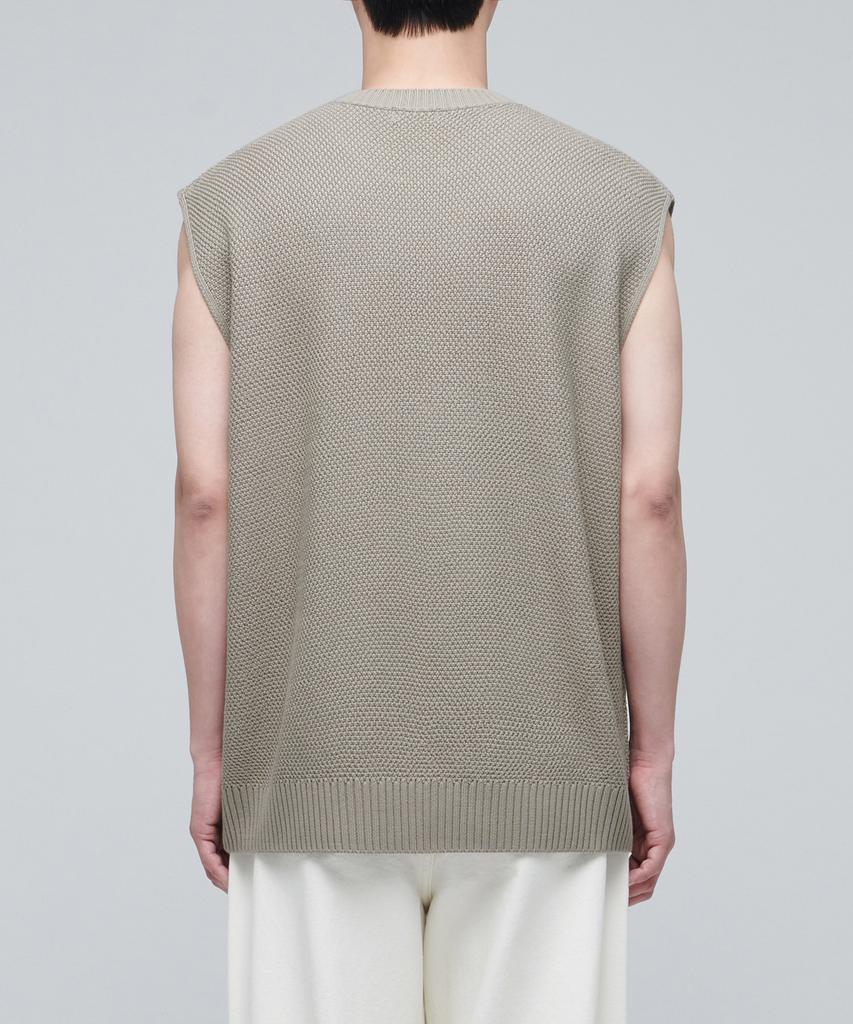 Musinsa Standard Textured Crew Neck Knit Vest [Beige]
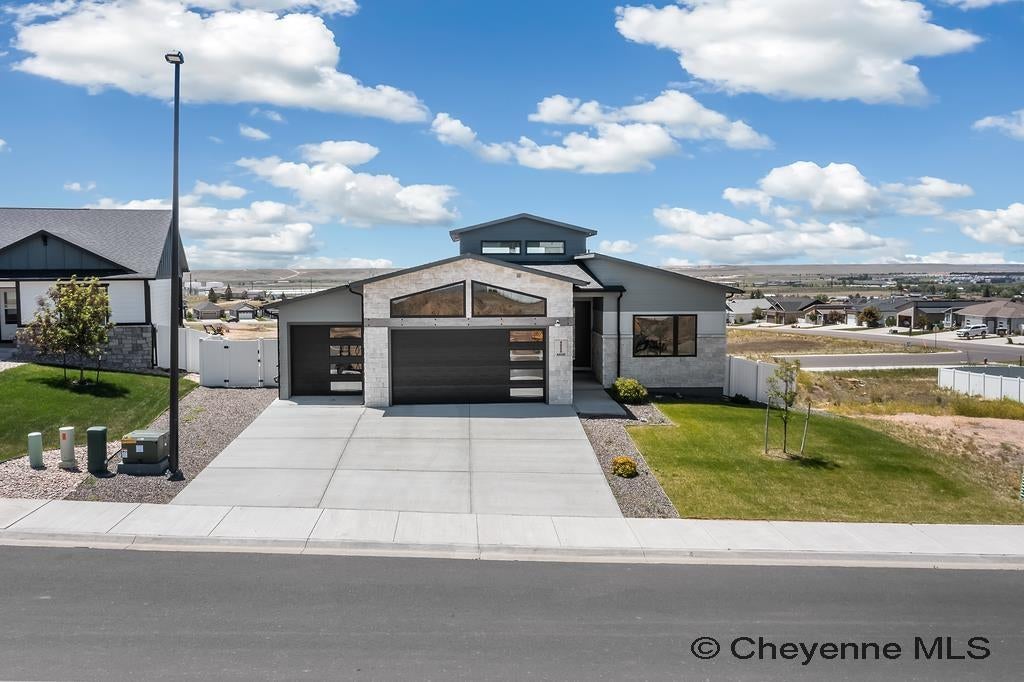 4009 Sage Rd — photo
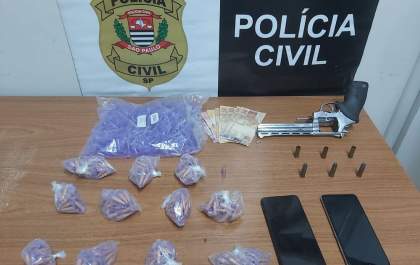 Mãe e filho são presos pelo GOE/Deic com arma e mais de 350 pinos com cocaína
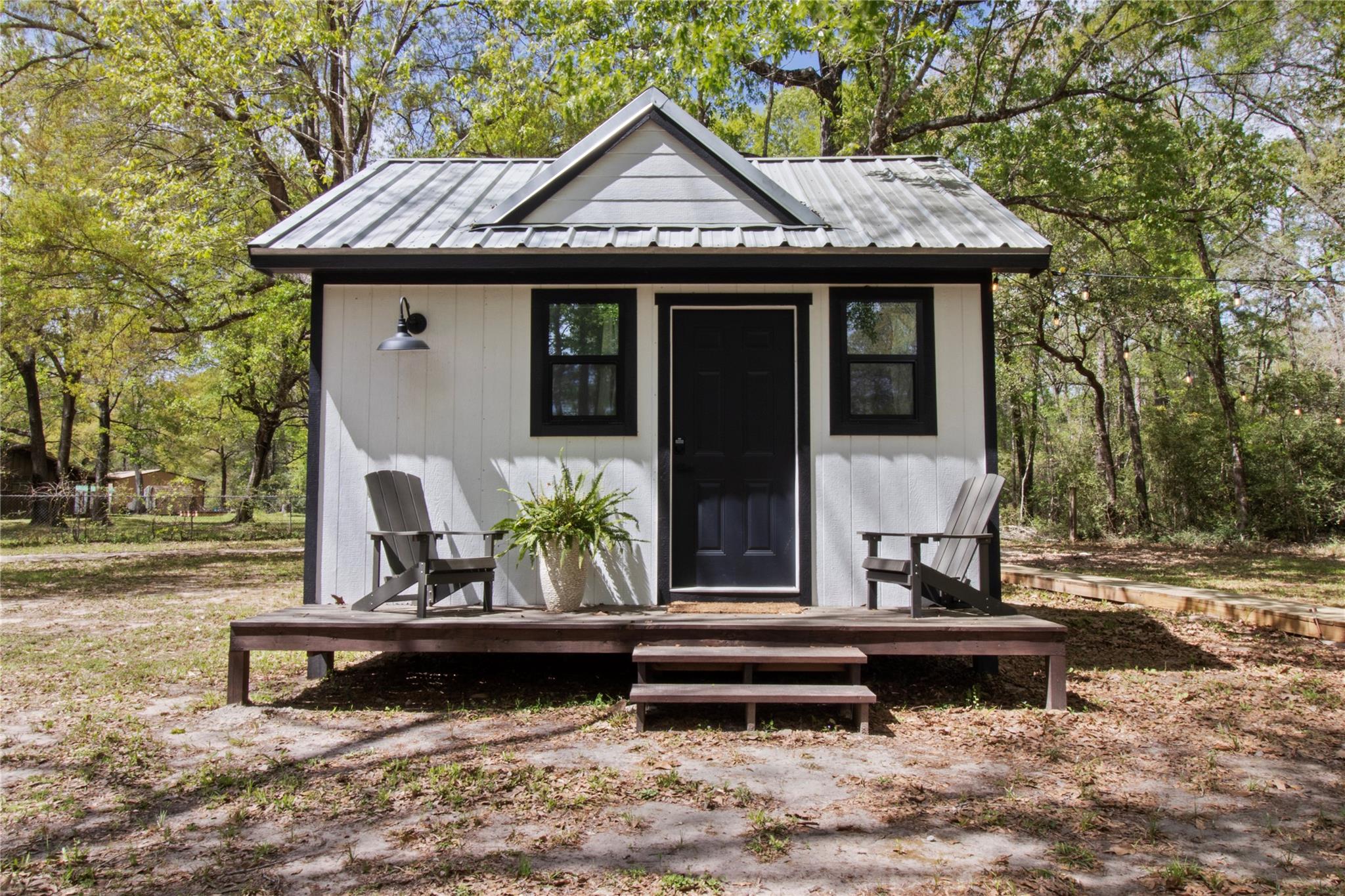 2585 Wallisville Turtle Bayou Road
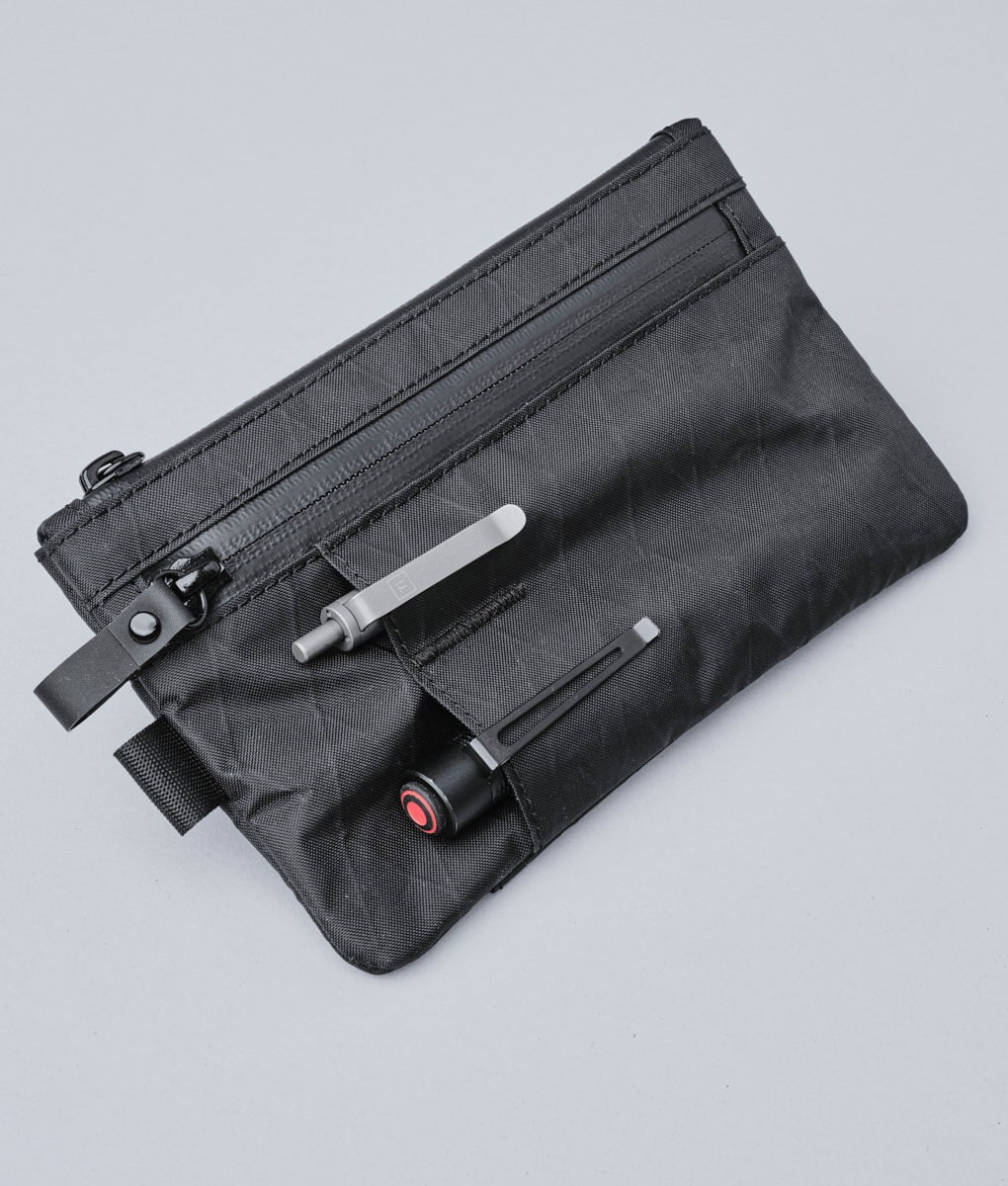 Zip Clutch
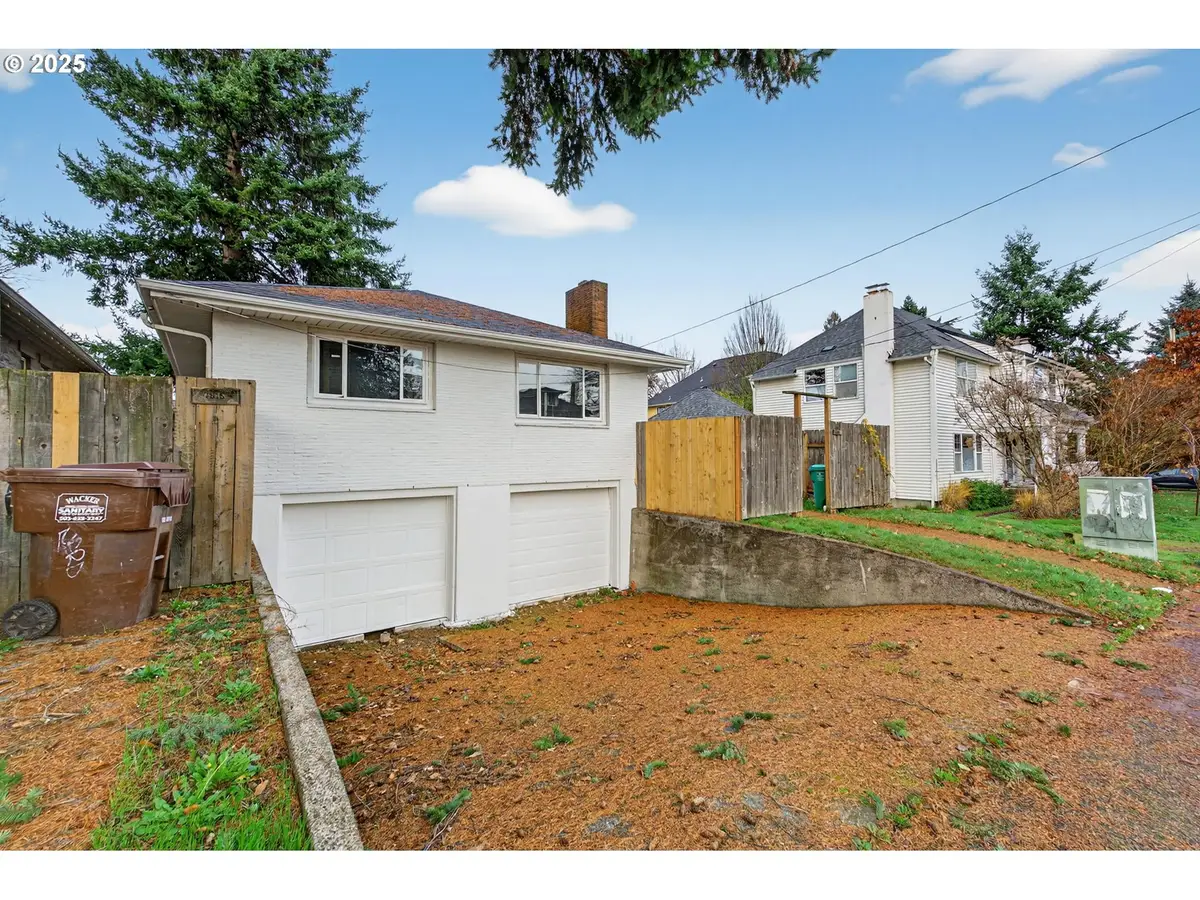 7827 N Denver Ave, Portland, OR 97217 - Image #1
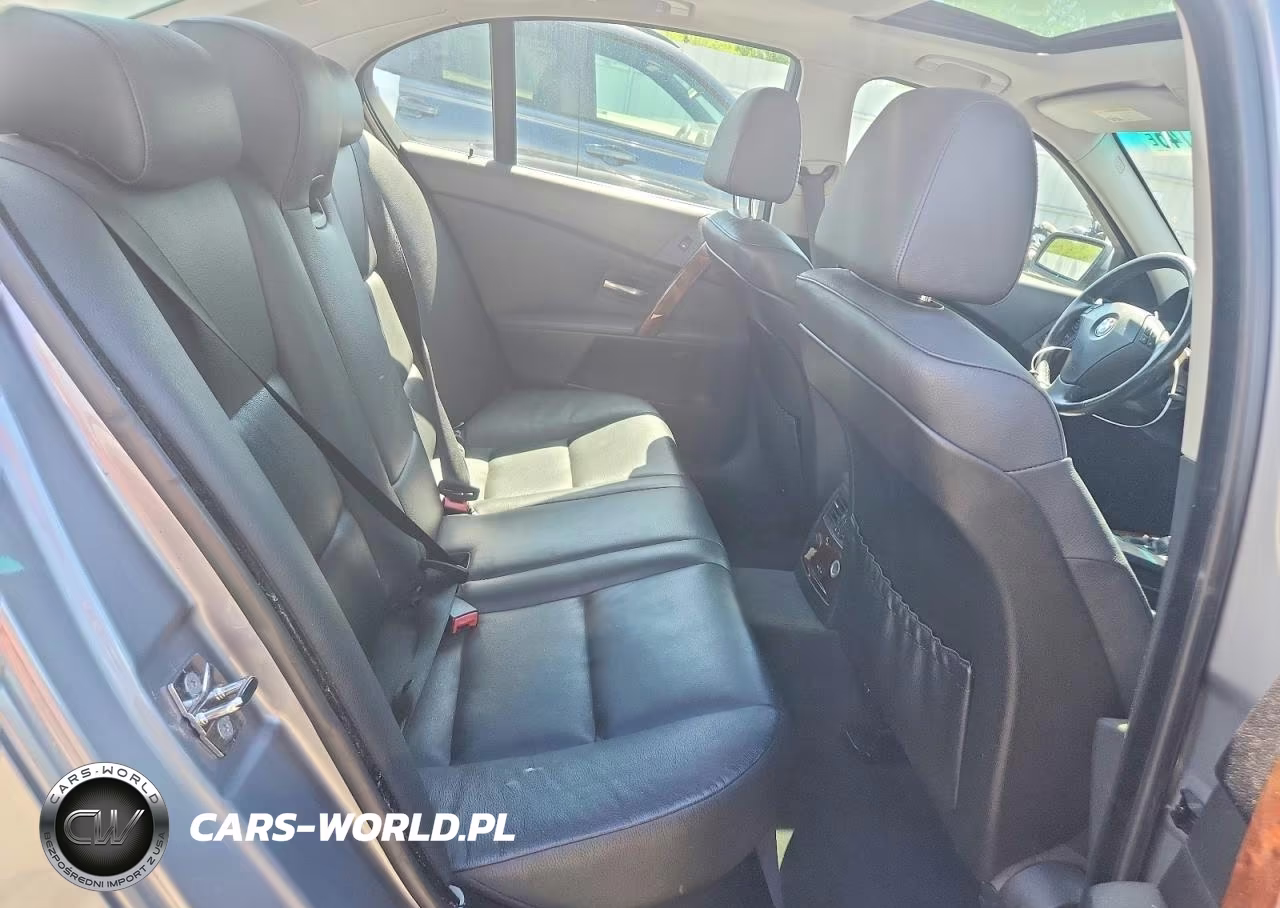 2007 BMW 525 Xi VIN:WBANF33567CW71398 - 10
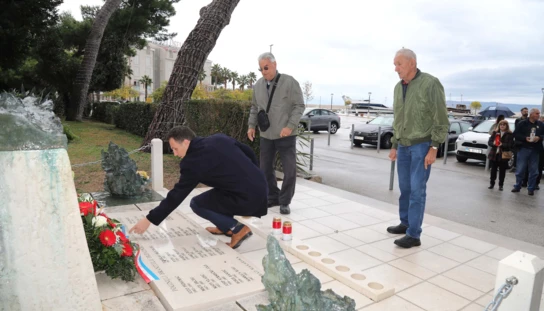 Dan sjećanja: Makarani odali počast žrtvama u Makarskoj i Vukovaru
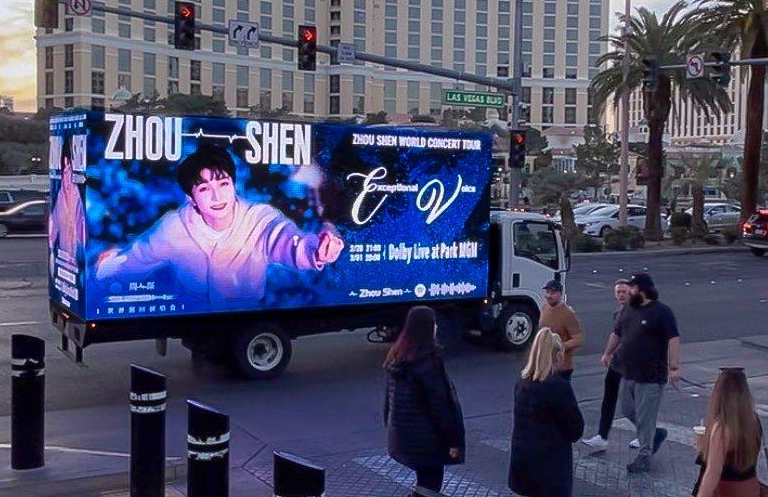Mobile advertising billboard led truck in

**YOUR ASSIGNMENT:** Your copy should match the records above exactly, apart from the pictures, which stay out.

**TASK SOLUTION:**
 Musinsa Standard Textured Crew Neck Knit Vest [Beige]
 4009 Sage Rd — photo
 Mãe e filho são presos pelo GOE/Deic com arma e mais de 350 pinos com cocaína
 2585 Wallisville Turtle Bayou Road
 Zip Clutch
 7827 N Denver Ave, Portland, OR 97217 - Image #1
 2007 BMW 525 Xi VIN:WBANF33567CW71398 - 10
 Dan sjećanja: Makarani odali počast žrtvama u Makarskoj i Vukovaru
Mobile advertising billboard led truck in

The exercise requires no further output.